A água é um recurso de múltiplos usos econômicos/produtivos e essencial para a vida. Essa diversidade, por vezes revela-se como elemento gerador de conflitos agravados pela natural irregularidade na disposição quali-quantitativa da água. Em reconhecimento a sua essencialidade, a gestão dos recursos hídricos, pautada na Lei 9.433/97, busca criar ferramentas para a administração dos distintos interesses de forma a assegurar em caráter preventivo e propositivo a sustentabilidade e eficiência no uso da água.
Entre os instrumentos de gestão estabelecidos pela Lei de 1997 insere-se a cobrança pelo uso da água bruta. Sua aplicação objetiva principalmente a arrecadação de recursos financeiros que auxiliem na viabilização de melhorias ao corpo hídrico utilizado, bem como a promoção da racionalidade do uso atrelado a um valor que até então não é cobrado pela maioria dos comitês de bacias hidrográficas brasileiras.
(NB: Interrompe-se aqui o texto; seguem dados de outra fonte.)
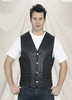 MV318-01<br>Deluxe Leather Vest w/ Side Laces - Braid - Buffalo Nickel Snaps (Naked Leather)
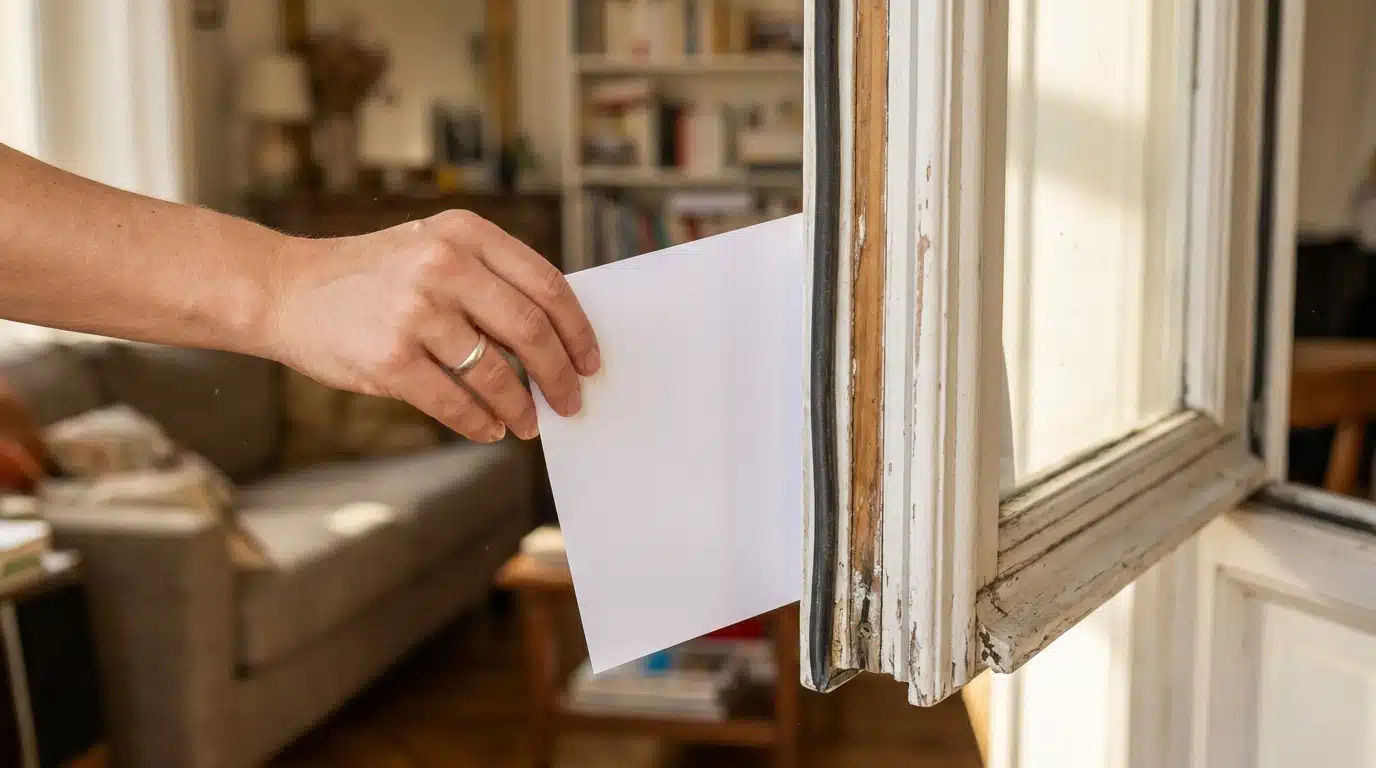 Main glissant une feuille de papier dans une fenêtre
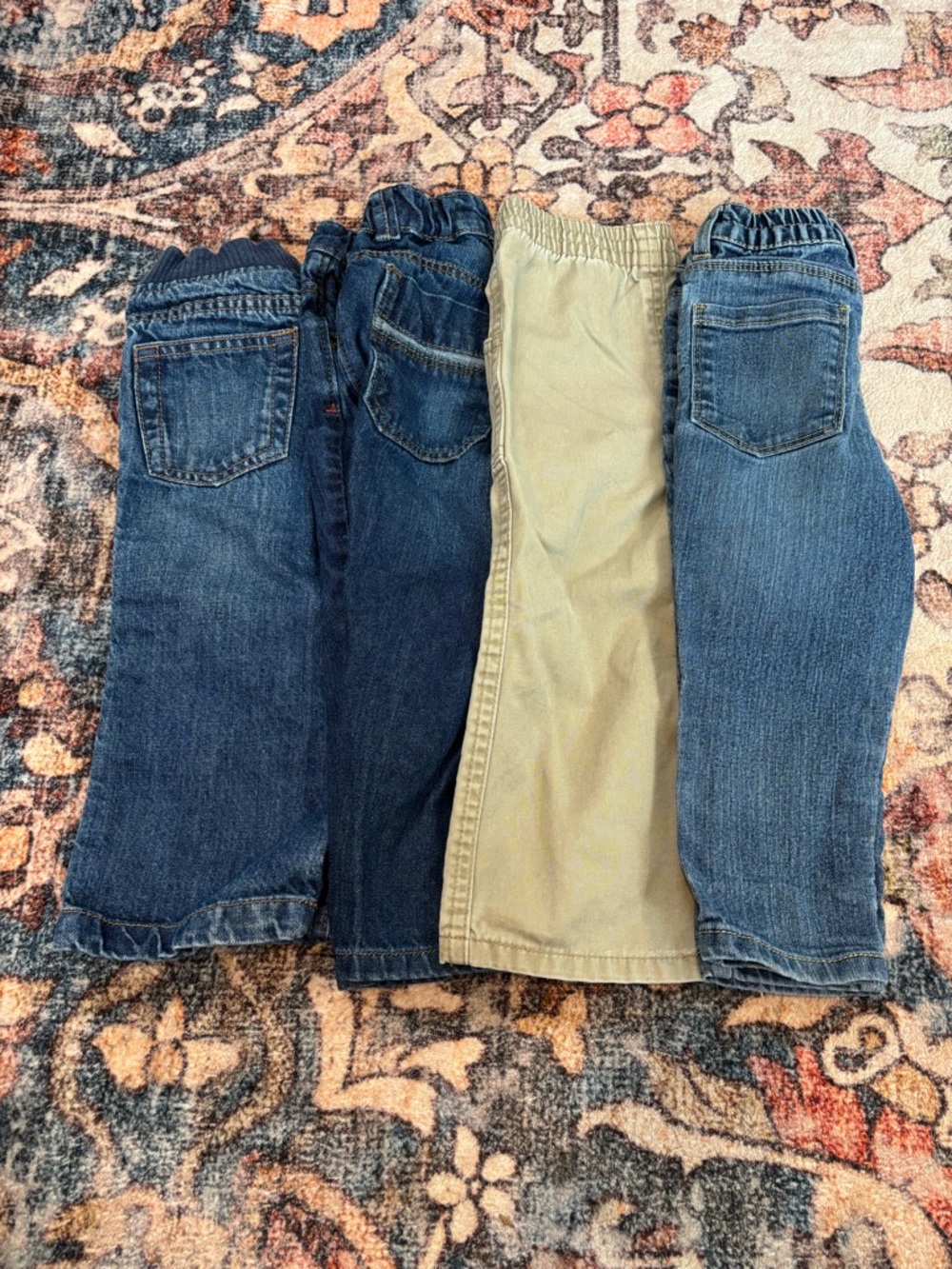 Kids Elastic-Waist Denim & Khaki Pants Set - Blue and Khaki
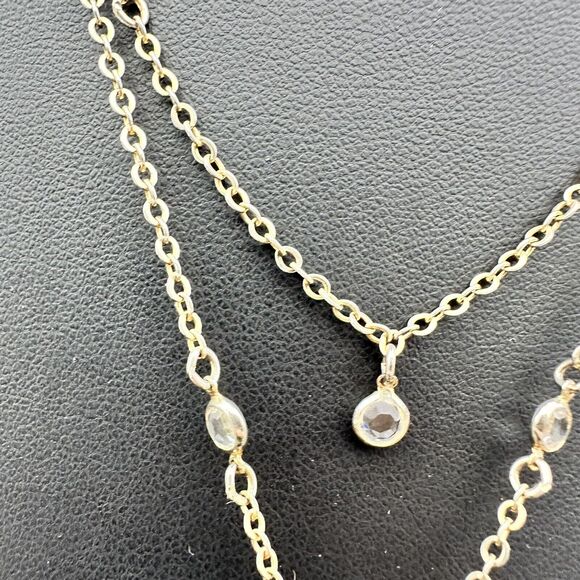 Act II Crystal Layered Chain Drop Necklace Silver Tone Teardrop Pendant Stack - Picture 4 of 5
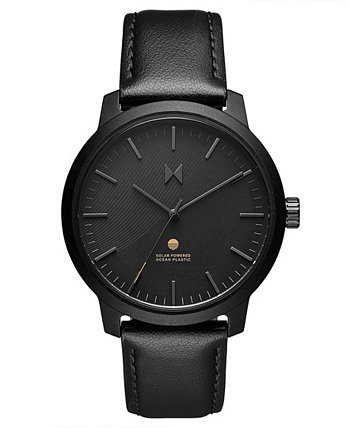Men's Legacy Solar Quartz Black Leather Strap Watch, 42mm MVMT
No Brasil, até março de 2019, seis bacias Federais tinham implementado o instrumento de cobrança pelo uso da água. Como resultado a água passa a se configurar como um novo item de custo, impactando sobre seus usuários em maior ou menor grau e suscitando dúvidas quanto ao caráter público da água enquanto um bem econômico.
De acordo com dados de Conjuntura de Recursos Hídricos disponibilizados pela Agência Nacional de água – ANA, referente aos valores arrecadados por cada grupo usuário, o saneamento tem significativa participação no montante total arrecadado pelas bacias. No ano de 2017 o setor de saneamento representou mais de 80% do valor a arrecadação pela bacia do Rio São Francisco, acompanhado do comitê do Rio Piracicaba, Capivari e Jundiaí (84,9%) e do Rio Paraíba do Sul (68,7%).
No âmbito Estadual, a gestão referente aos recursos hídricos baseia-se na estrutura de domínio Federal. Tomando como base o Estado da Bahia, no qual está inserida a Bacia Hidrográfica do Rio Paraguaçu – BHP, as atuais políticas de gerenciamento de recursos hídricos do Estado foram estabelecidas pela Lei nº 11.612 de 2009 e até o presente momento, estudos para implementação da cobrança na Bahia seguem em andamento, não existindo cobrança nos rios de domínio do Estado.
Contribuindo para os estudos de cobrança na Bahia, o trabalho simulou a cobrança na captação de água na Bacia Hidrográfica do Paraguaçu (BHP). Foi utilizada a metodologia implementada na Bacia do São Francisco (CBHSF) segundo Deliberação n° 40/2008 aprovada em 2010 e a mais recente metodologia revisada em 2017 conforme Deliberação nº 94, em vigor a partir de 1° de janeiro de 2019. Em se tratando da captação do setor de saneamento a nova fórmula de cobrança insere um parâmetro de eficiência determinado pelo indicador IN049 do Diagnóstico de Água e Esgoto do Sistema Nacional de Informações sobre Saneamento, correspondente ao Índice de Perdas na Distribuição. O volume de captação utilizado na simulação foi relatado pela Embasa, prestadora responsável pelo serviço na região, equivalente a vazão outorgada pela empresa na BHP.
A diferença entre os resultados das simulações de 2010 e 2019 evidenciam uma redução no valor cobrado na metodologia mais recente, mostrando que a incorporação das perdas vai de encontro ao estímulo para racionalidade do uso da água. A partir dos montantes obtidos com a simulação, em um cenário sem repasse, em que a Embasa incorpora o valor da cobrança na sua estrutura de custos, foi possível identificar que os valores agravam o déficit já existente no serviço de abastecimento de água da empresa. No cenário com o repasse integral dos custos da cobrança na captação para o consumidor final, a variação percentual da tarifa é pouco significativa para o valor final cobrado na conta de água, desconsiderando a cobrança como indutora de um consumo consciente e racional.
O presente texto sintetiza resultados apresentados e discutidos na monografia de conclusão de curso de Karine Veiga dos Santos, pesquisadora do RHIOS, sob orientação da Profª Dra. Telma Teixeira.